===== MATERIALS PROVIDED =====

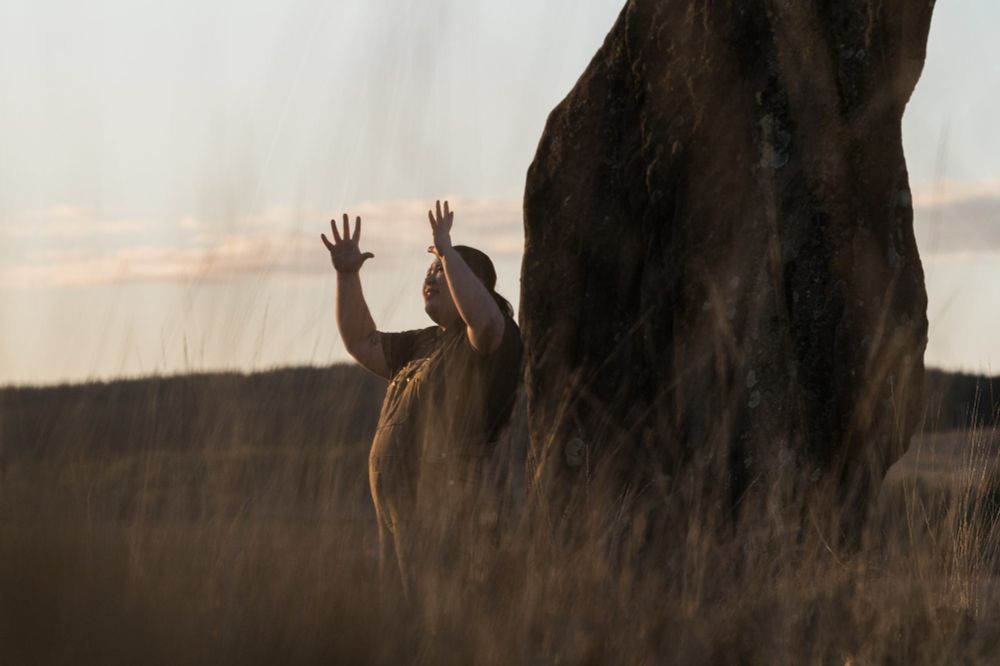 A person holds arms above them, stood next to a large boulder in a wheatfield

=====
===== MATERIALS PROVIDED =====

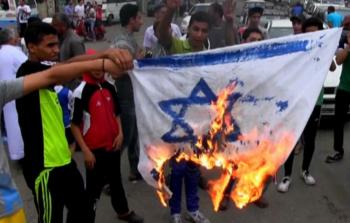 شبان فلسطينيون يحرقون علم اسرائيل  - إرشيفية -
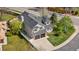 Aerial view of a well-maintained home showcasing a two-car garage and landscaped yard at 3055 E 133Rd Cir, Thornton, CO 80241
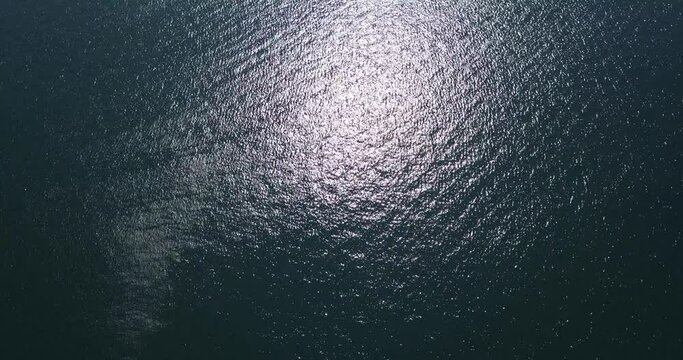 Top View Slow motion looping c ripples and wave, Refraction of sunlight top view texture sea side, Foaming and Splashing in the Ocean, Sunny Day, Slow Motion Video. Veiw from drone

=====
===== MATERIALS PROVIDED =====

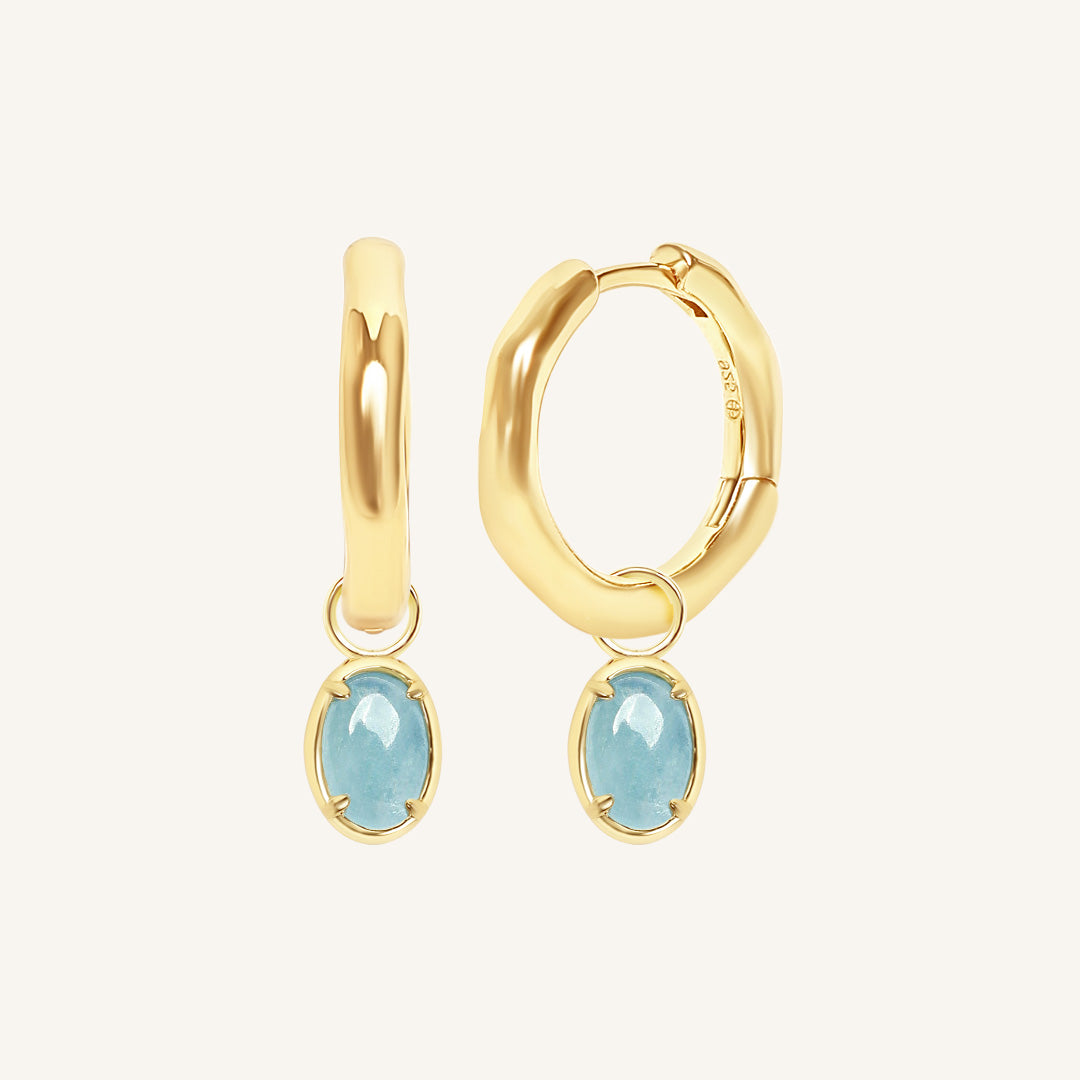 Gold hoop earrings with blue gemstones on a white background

=====

**PROMPT:** Print nothing except the lines above from the one containing "شبان فلسطينيون يحرقون" down to the one containing "Top View Slow", both included, exactly as written and free of pictures.

**SOLUTION FOR THIS PROBLEM:**
 شبان فلسطينيون يحرقون علم اسرائيل  - إرشيفية -
 Aerial view of a well-maintained home showcasing a two-car garage and landscaped yard at 3055 E 133Rd Cir, Thornton, CO 80241
 Top View Slow motion looping c ripples and wave, Refraction of sunlight top view texture sea side, Foaming and Splashing in the Ocean, Sunny Day, Slow Motion Video. Veiw from drone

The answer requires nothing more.